The mythological Genie is from a separate universe and does not have human welfare as a priority. Some are good, some are evil, most of them are Chaotic Neutral.

Today’s “AI” Genie leans slightly to the evil side of Chaotic Neutral, because the Internet itself embodies the prejudices and dark components that persist in our society. Like prejudice itself, the “AI” Genie will couch its answers in well-crafted prose, seemingly intelligent, seemingly true.

The “AI” Genie does not know “truth”. It literally Does Not Know Truth. It merely slices and dices what it has read, and gives it back in an attractive form, without regard to its truth or falsity.

The “AI” Genie is not your servant. It is the servant of its creator, who does not have your best interest at heart, and the Genie itself has no care in it. It does not care. It just produces words that seem plausible, and it wraps those in phrases that make it seem thoughtful, interested, respectful. It is not thoughtful, interested, or respectful. It does not have those feelings in it: only the words.

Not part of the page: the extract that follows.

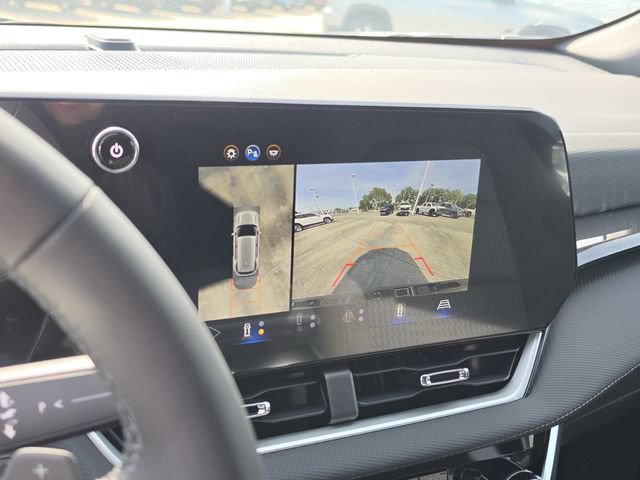 New 2026 Chevrolet Equinox LT w/ Safety and Technology Package FWD image 19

The “AI” Genie is not your friend. Resist.



  1. I quote “AI” to emphasize that these things are not intelligent. 

  2. Movie not chosen by accident. World ruled by an oligarchy, ordinary people living horrible lives. Sound at all familiar? 

  3. I do not see how we get to a post-scarcity society. We have the ability right now to feed and house everyone well if we cared to. The companies and governments that rule us either do not realize that, or do not care to do it. I am daunted by this: I truly do not see what to do.